BRIEF
Leave the pictures out. Retype exactly the lines below from the one containing "忽然从书卷的上端扫了过来二维码生成" through the one containing "悠然時光菜單 (9).jpg", and no others.

(Records from a dataset)
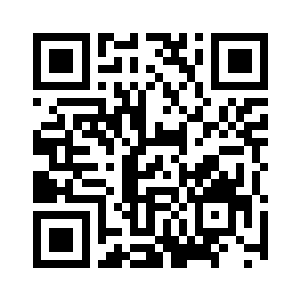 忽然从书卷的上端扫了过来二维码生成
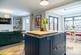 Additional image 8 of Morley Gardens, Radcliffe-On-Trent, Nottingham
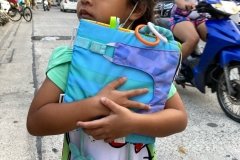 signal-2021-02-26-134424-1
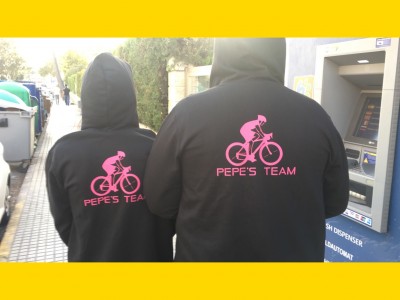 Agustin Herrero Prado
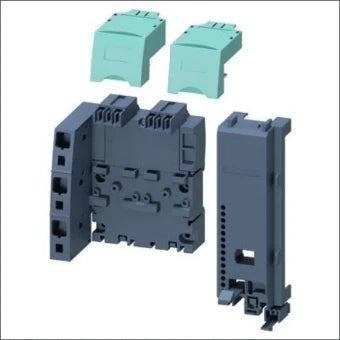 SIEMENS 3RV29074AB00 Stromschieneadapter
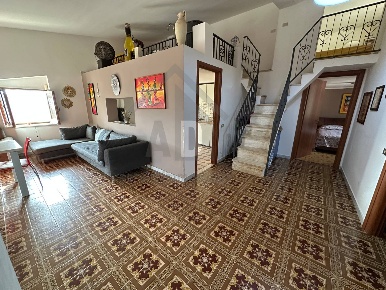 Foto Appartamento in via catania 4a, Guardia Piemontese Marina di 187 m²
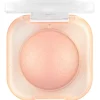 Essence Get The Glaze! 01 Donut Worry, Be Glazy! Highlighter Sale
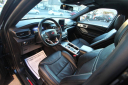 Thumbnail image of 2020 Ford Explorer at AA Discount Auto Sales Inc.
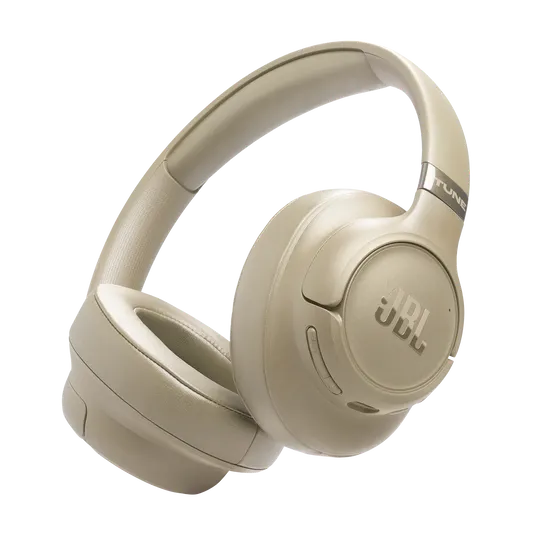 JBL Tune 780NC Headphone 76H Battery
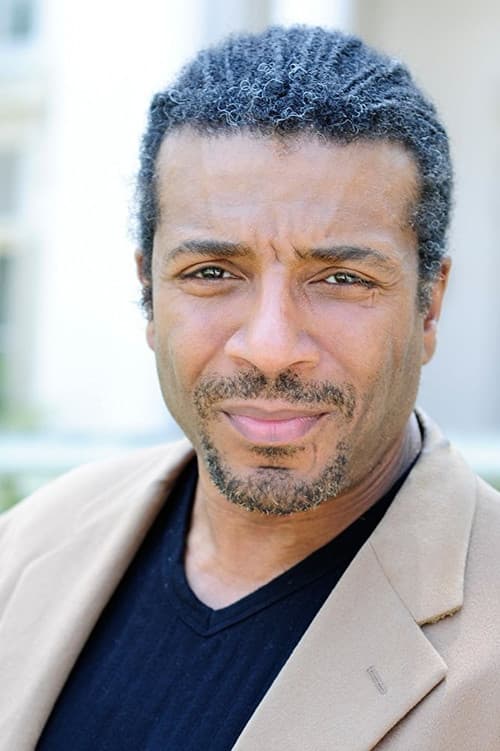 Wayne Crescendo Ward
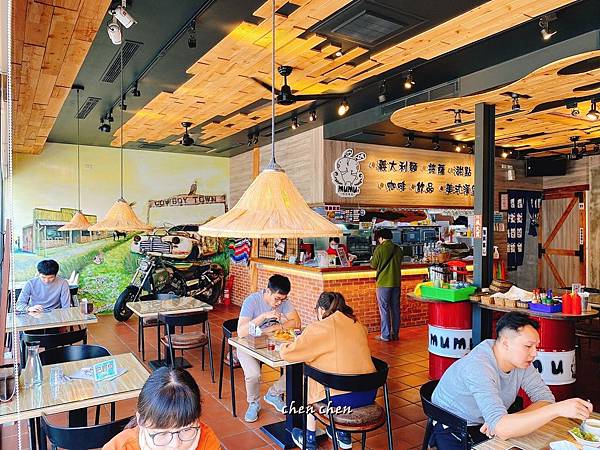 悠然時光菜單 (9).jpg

---

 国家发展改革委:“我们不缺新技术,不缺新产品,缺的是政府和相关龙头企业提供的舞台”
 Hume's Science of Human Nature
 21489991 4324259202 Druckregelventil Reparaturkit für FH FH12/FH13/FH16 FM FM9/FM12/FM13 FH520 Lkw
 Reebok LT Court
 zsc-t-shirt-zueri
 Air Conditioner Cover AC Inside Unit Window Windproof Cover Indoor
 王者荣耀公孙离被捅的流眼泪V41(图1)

REPLY
 忽然从书卷的上端扫了过来二维码生成
 Additional image 8 of Morley Gardens, Radcliffe-On-Trent, Nottingham
 signal-2021-02-26-134424-1
 Agustin Herrero Prado
 SIEMENS 3RV29074AB00 Stromschieneadapter
 Foto Appartamento in via catania 4a, Guardia Piemontese Marina di 187 m²
 Essence Get The Glaze! 01 Donut Worry, Be Glazy! Highlighter Sale
 Thumbnail image of 2020 Ford Explorer at AA Discount Auto Sales Inc.
 JBL Tune 780NC Headphone 76H Battery
 Wayne Crescendo Ward
 悠然時光菜單 (9).jpg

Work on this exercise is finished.